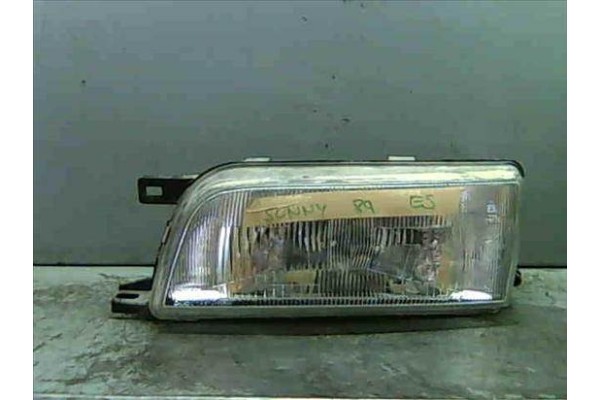 Recambio de faro delantero izquierdo para nissan sunny berlina (n13)(1986) 1.6 16v gti [1,6 ltr. - 81 kw 16v cat] referencia OEM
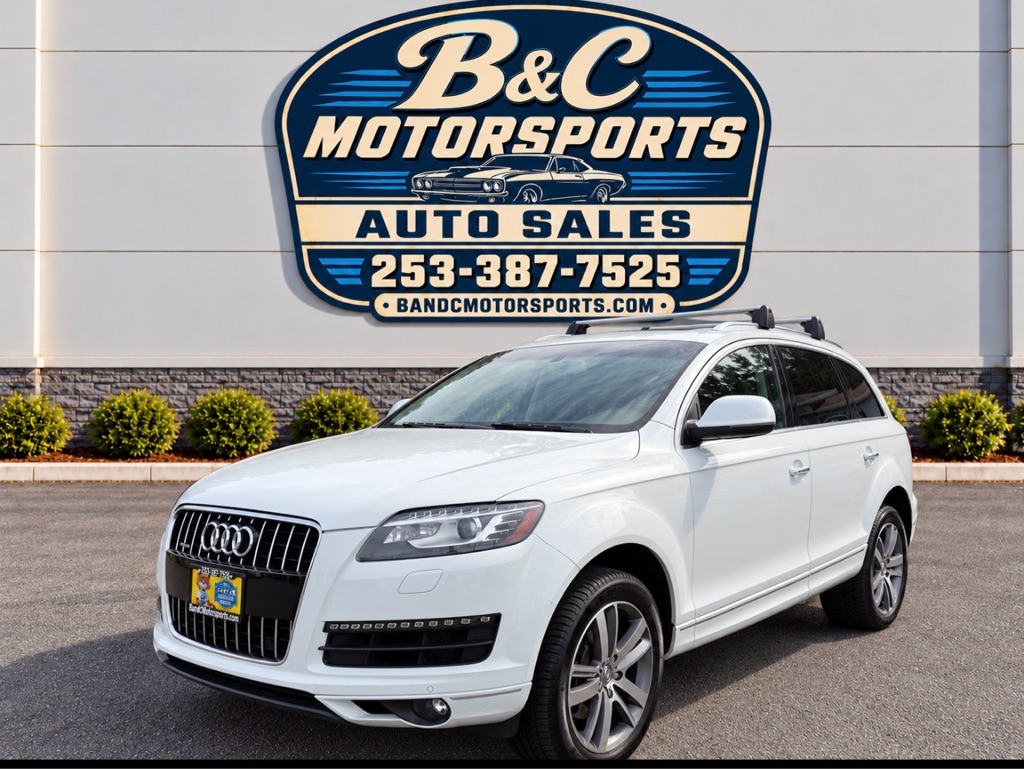 Photo 46 of this AUDI Q7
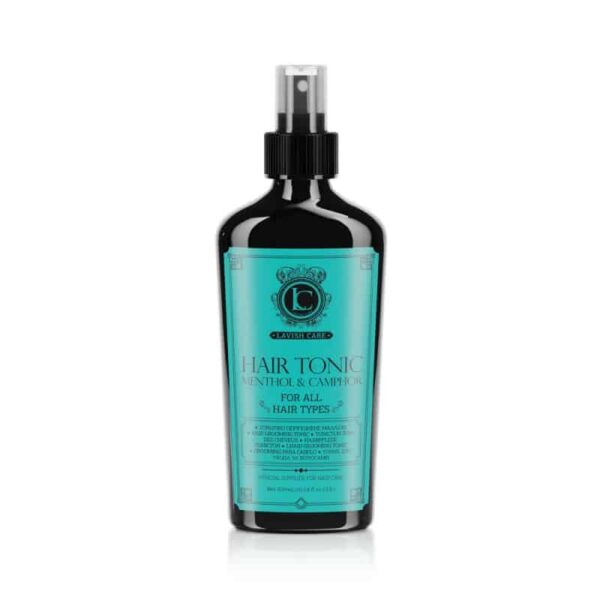 Lavish Care Hair Tonic Menthol & Camphor Spray 300ml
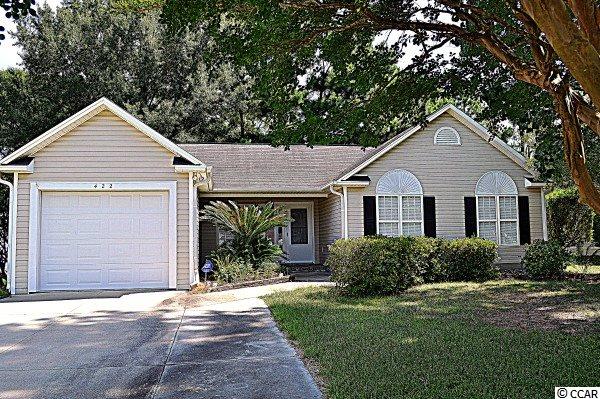 422 Saint Charles Circle Myrtle Beach, SC 29588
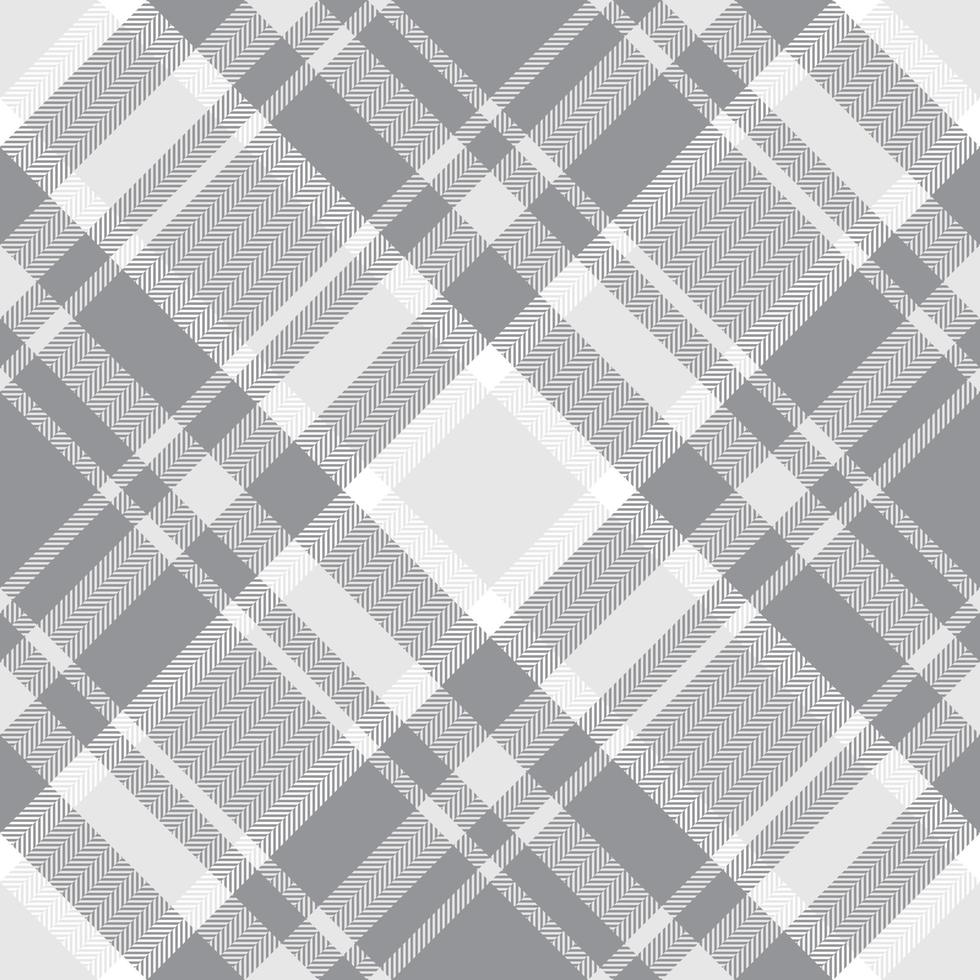 Plaid pattern vector. Check fabric texture. Seamless textile design for clothes, paper print. vector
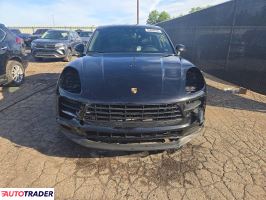 Porsche Macan 2020 3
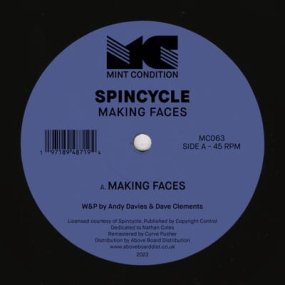 Spincycle - Making Faces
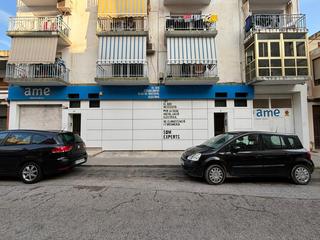 Local Comercial a Carrer de l'arquebisbe meseguer i costa 20. Se vende local comercial – almacén en vinaròs (castellón)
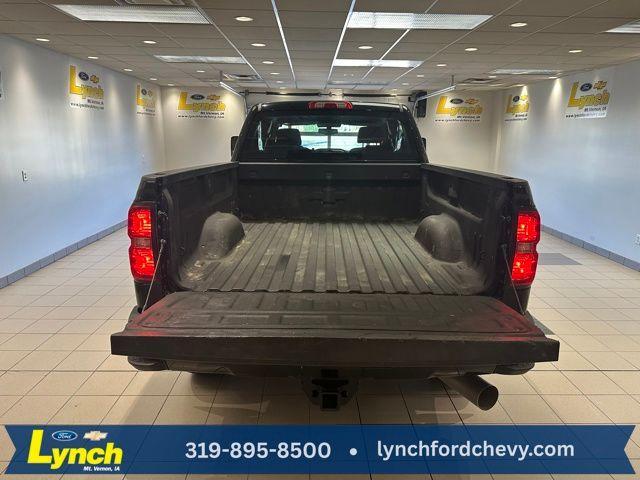 used 2019 Chevrolet Silverado 2500 car, priced at $40,500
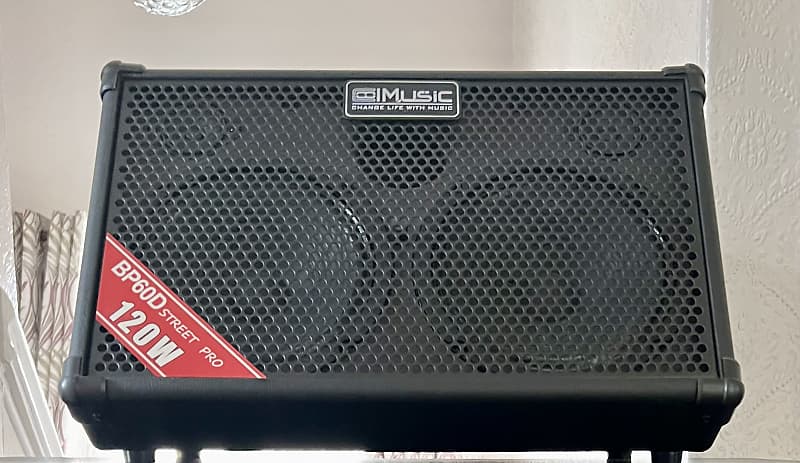 Coolmusic BP60D Street Pro 2022 | Reverb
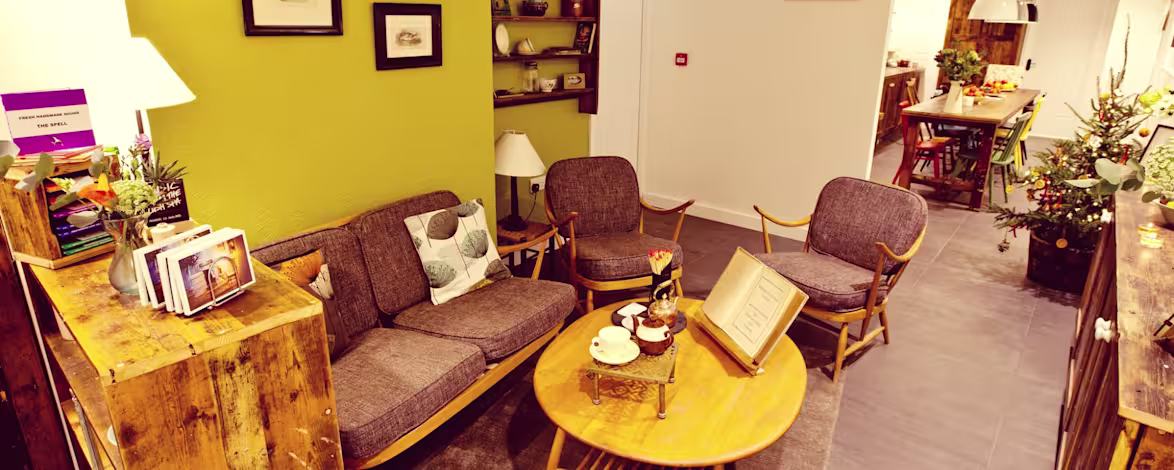 Lush Spa Edinburgh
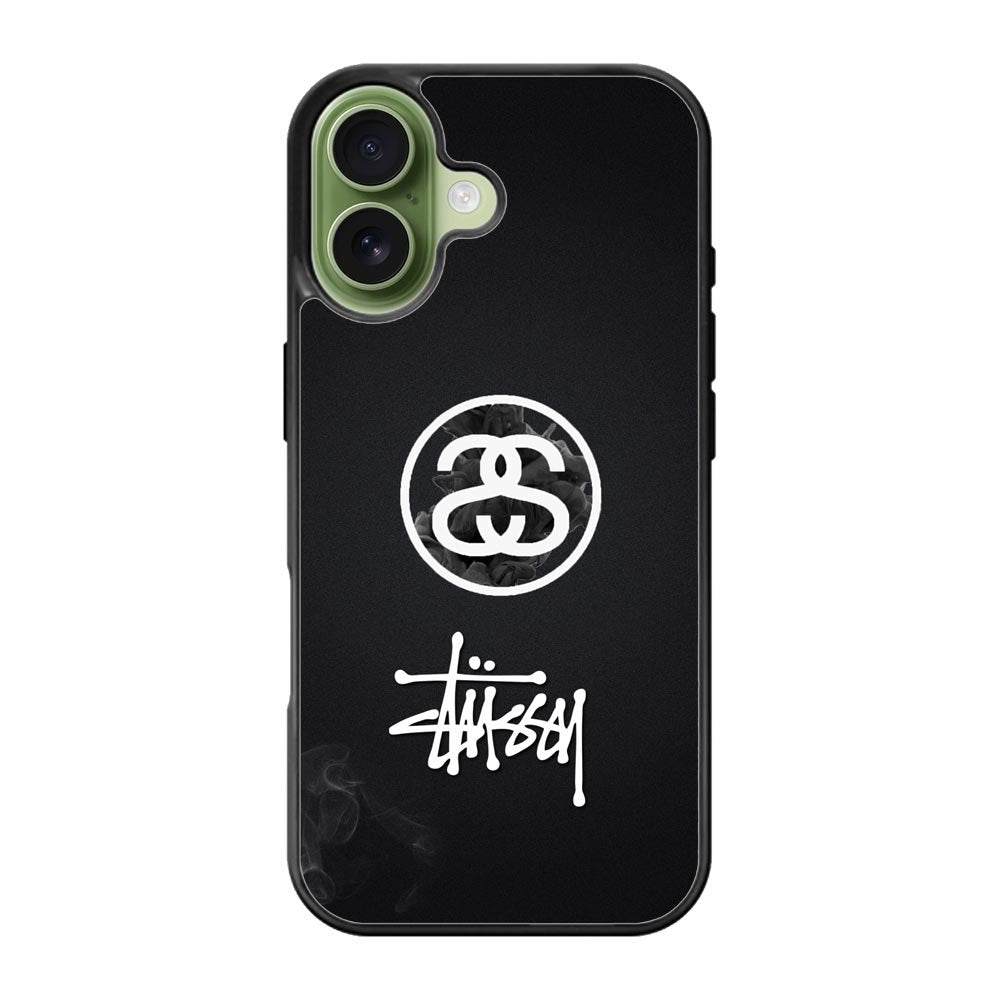 stussy iPhone 17 Case OV0970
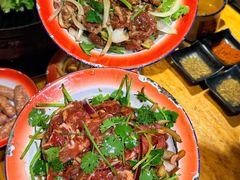 -石记老北京炙子烤肉(松园店)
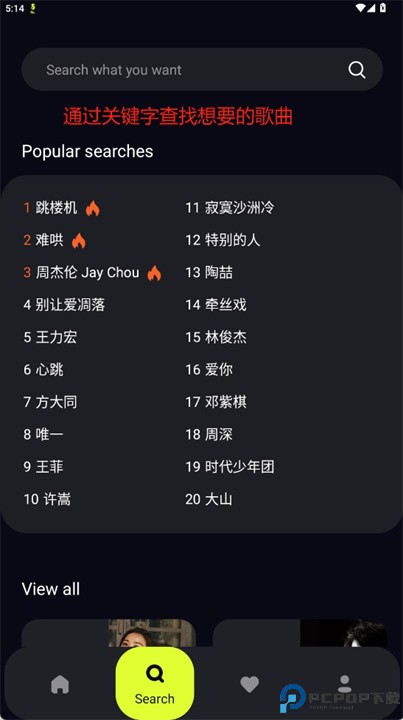 糖水音乐播放器安卓版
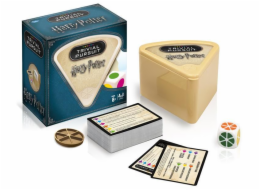 Vítězné pohyby Triviální persuit (kvíz) Harry Potter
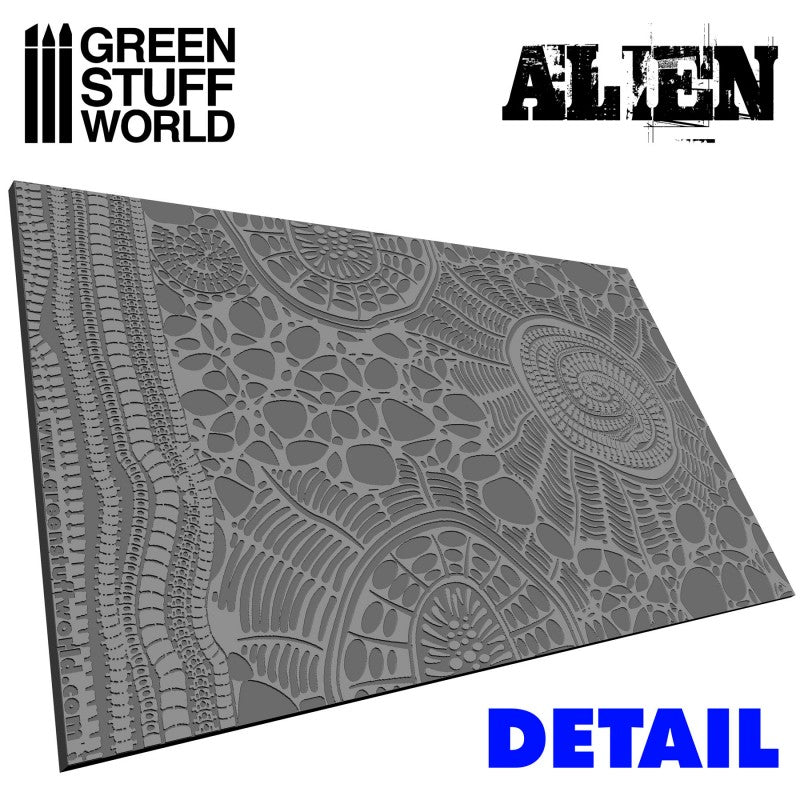 Green Stuff World Rolling Pin Ancestral Recall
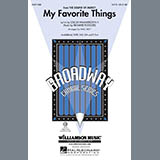Download Mac Huff My Favorite Things (from The Sound Of Music) sheet music and printable PDF music notes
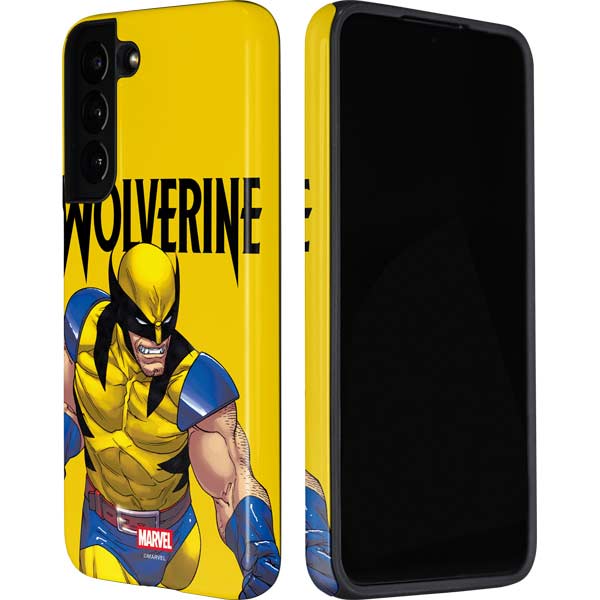 Marvel X-Men The Wolverine Galaxy S22 Pro Case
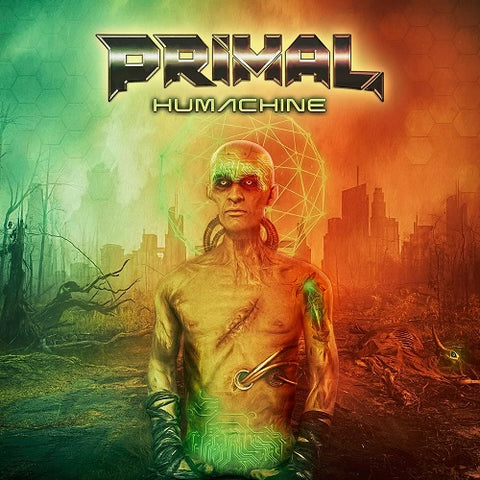 Primal Humachine New CD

----

* **Your goal**: Images stay out, but the rest of the records must be retyped exactly.

* **Task output**:
 Recambio de faro delantero izquierdo para nissan sunny berlina (n13)(1986) 1.6 16v gti [1,6 ltr. - 81 kw 16v cat] referencia OEM
 Photo 46 of this AUDI Q7
 Lavish Care Hair Tonic Menthol & Camphor Spray 300ml
 422 Saint Charles Circle Myrtle Beach, SC 29588
 Plaid pattern vector. Check fabric texture. Seamless textile design for clothes, paper print. vector
 Porsche Macan 2020 3
 Spincycle - Making Faces
 Local Comercial a Carrer de l'arquebisbe meseguer i costa 20. Se vende local comercial – almacén en vinaròs (castellón)
 used 2019 Chevrolet Silverado 2500 car, priced at $40,500
 Coolmusic BP60D Street Pro 2022 | Reverb
 Lush Spa Edinburgh
 stussy iPhone 17 Case OV0970
 -石记老北京炙子烤肉(松园店)
 糖水音乐播放器安卓版
 Vítězné pohyby Triviální persuit (kvíz) Harry Potter
 Green Stuff World Rolling Pin Ancestral Recall
Download Mac Huff My Favorite Things (from The Sound Of Music) sheet music and printable PDF music notes
 Marvel X-Men The Wolverine Galaxy S22 Pro Case
 Primal Humachine New CD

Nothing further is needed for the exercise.